Is there a good assembly+sse (sse2 at least) tutorial, or should I plunge into Intel's documentation ? Any useful links would be appreciated.
EDIT: Oh, I found this thread after better searching keywords :
http://www.masm32.com/board/index.php?topic=8498.0
from that link, i have been reading the tommasani docs...
http://www.tommesani.com/Docs.html
search the forum for pcmpeqb
Quote from: jj2007 on March 01, 2010, 08:40:54 PM
search the forum for pcmpeqb
I found some more interesting threads, thanks.
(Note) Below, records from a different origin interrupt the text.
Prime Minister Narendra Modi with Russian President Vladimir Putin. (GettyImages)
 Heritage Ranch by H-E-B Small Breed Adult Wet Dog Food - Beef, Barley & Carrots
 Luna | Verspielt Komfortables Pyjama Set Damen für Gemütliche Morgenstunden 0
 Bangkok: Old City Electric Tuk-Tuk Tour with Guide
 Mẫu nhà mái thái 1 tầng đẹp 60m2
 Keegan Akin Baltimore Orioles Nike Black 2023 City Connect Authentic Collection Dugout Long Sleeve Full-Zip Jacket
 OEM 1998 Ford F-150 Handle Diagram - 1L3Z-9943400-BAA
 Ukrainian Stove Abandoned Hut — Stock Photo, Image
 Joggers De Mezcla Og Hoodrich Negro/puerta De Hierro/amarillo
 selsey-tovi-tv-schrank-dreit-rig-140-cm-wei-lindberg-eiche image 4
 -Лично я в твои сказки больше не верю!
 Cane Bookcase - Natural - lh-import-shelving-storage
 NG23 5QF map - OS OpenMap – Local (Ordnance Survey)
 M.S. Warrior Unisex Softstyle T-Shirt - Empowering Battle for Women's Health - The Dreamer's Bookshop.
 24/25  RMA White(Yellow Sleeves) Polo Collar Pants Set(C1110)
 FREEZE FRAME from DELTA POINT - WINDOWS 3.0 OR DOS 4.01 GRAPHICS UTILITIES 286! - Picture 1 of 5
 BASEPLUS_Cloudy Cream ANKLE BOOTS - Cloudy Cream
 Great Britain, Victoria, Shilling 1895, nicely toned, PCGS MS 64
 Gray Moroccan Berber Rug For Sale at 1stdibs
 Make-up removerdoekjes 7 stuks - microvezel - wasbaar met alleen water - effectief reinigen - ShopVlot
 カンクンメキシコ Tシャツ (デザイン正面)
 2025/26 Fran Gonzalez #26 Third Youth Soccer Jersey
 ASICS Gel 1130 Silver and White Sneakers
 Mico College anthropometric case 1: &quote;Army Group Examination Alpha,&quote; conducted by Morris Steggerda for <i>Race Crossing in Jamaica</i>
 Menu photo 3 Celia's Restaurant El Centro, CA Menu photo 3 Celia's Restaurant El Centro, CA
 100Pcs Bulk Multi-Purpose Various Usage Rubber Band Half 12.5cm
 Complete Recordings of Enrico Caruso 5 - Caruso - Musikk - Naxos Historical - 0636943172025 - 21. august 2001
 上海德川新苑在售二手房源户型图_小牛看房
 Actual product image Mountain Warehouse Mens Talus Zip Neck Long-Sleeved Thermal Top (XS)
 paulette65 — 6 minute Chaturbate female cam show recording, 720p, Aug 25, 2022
Can you do me a little favour, plz ? I wanna timetest a code. Can you make a real quick barebones no-frame procedure that writes the 0BBBBBBBBh or some other dword, esi=starting offset, number of bytes in MEMCHUNK define.
As a test control, my function is this :
@ZeroMemPlain:
mov eax,esi
mov ecx, MEMCHUNK/4
.again:
mov D[eax],0bbbbbbbbh
add eax,4
dec ecx
jnz < .again
ret
:bg
It takes about 140ms to fill 256mb, on my pc.
I just want to be convinced that it's worth the speedup, I'm not interested in doing complex arithmetic with SSE.
EDIT: I fixed some stuff.
.data
align 16
values db 16 dup (0bh)
.code
mov eax,esi
movdqa xmm0,OWORD ptr values
mov ecx,MEMCHUNK/16
@@: movdqa OWORD ptr [eax],xmm0 ; use movdqu if ESI is unaligned (not recommended)
lea eax,[eax+16]
dec ecx
jnz @B
@@:
Thanks qWord. It works fine, but the timings are exactly the same as before. Exactly. I guess idepends on memory throughput and not execution cycles.
At least it's fun to step over that instruction and see 128 bits of data moved at once :green
BlackVortex,
Memory speed limitations are the final limitation and the real advantage of SSE is its capacity to parallel process 128 bits of data at the same time. Reduced memory access count and parallel processing of the variety of data types it can handle will get the speed of many algorithms up by a long way but in raw data trasnfer memory will be the final limitation.
Am I right in thinking that
mov = 4 mem access = 2
mov 128 = 4 mem access = 8
movdqa = 1 mem access = 8
Kind of thing....
I have an SSE2 copy that is faster but I think it uses seperate registers so the speed up in my app might be due to that?